Triggerwarnung: Ich gehe auf Tierquälerei (Mulesing) ein, poste aber keine konkreten Bilder davon.

Viele tolle Wolle und doch erstaunlich viel Leid

Das Thema Umweltschutz wird immer präsenter, denn es ist höchste Eisenbahn. Wir haben mittlerweile 5 nach 12 und es muss jetzt sofort gehandelt werden. Ich hoffe mal, dass das vielen meiner Leser*innen bewusst ist, weshalb ich da jetzt nicht tiefer darauf eingehen möchte. Stattdessen möchte ich mich in diesem Post mit den Umweltaspekten von Handarbeiten befassen. Dazu hatte bereits meine Freundin Augurey auf Twitter und StoryHub einige Informationen zusammengetragen. Sie hat mir erlaubt, das alles in diesem Blogpost noch einmal zu veröffentlichen. Vielen Dank dafür!
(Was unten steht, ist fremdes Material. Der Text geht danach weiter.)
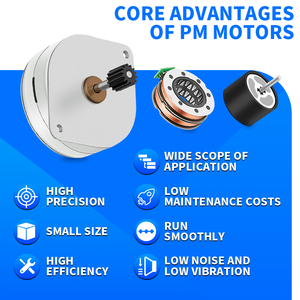 RB 42PMT22014 6V 2W Motor de CC sin escobillas de imán permanente con controlador de Motor Pms con Motor de 2 hp <span class=keywords><strong>12V</strong></span> CC para uso médico - Product Image 3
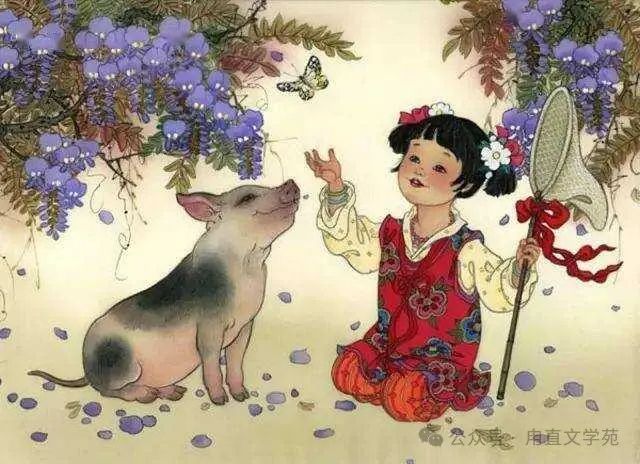 猪属今年几岁_猪属今年多少岁_属猪的今年几岁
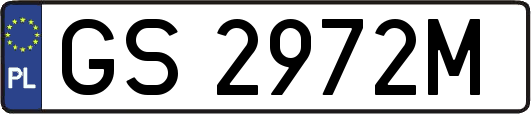 GS2972M
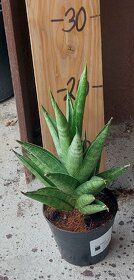 Tchýniny jazyky - Sansevieria - 3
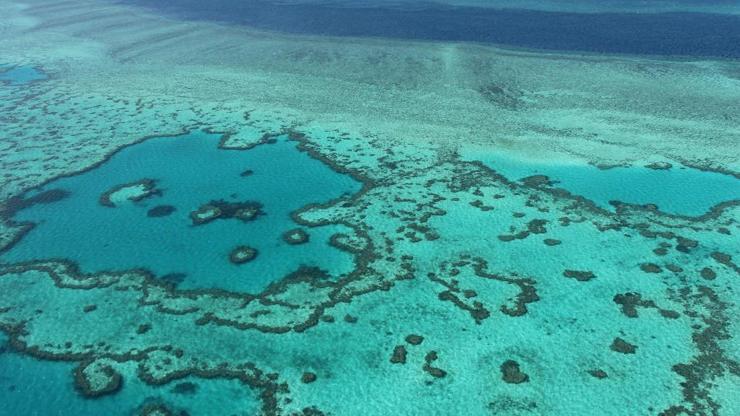 Dünyanın en büyük mercan kayalığı sistemi tehlikede: BM raporuna Avustralyadan eleştiri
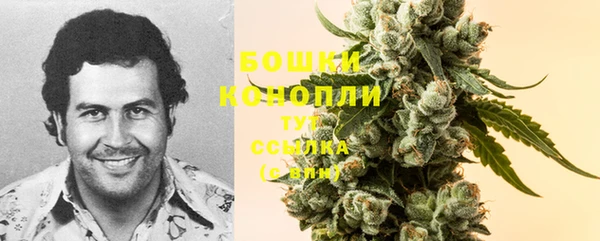 сатива Кинешма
Kleiner Hinweis, falls ihr es nicht mitbekommen habt: Ich habe einen Twitteraccount für meine Handarbeiten gestartet. Ihr findet ihn unter WooldragonDE. Da gibt es dann hoffentlich auch ab nächstem Jahr einen offiziellen Shop mit Handarbeiten.


Umweltaspekt von Wolle

Wir sind uns alle einig, dass es immer besser ist, etwas selbst zu machen, statt es im Laden zu kaufen und damit wer weiß was für Verbrechen an Mensch, Tier und Umwelt zu unterstützen. Aber auch bei Wolle sei aufgepasst! Wusstet ihr, dass Wolle aus Deutschland sogar als Abfallprodukt gilt? Total absurd für mich! Die meiste Wolle, die es so im Laden zu kaufen gibt, stammt aus Australien oder Neuseeland. Das Problem dabei ist, dass die Wolle erst einmal die ganze Welt durchquert, um auf unseren Nadeln zu landen. Die CO2-Emission dadurch ist enorm – und könnte so einfach durch regionale Wolle gesenkt werden.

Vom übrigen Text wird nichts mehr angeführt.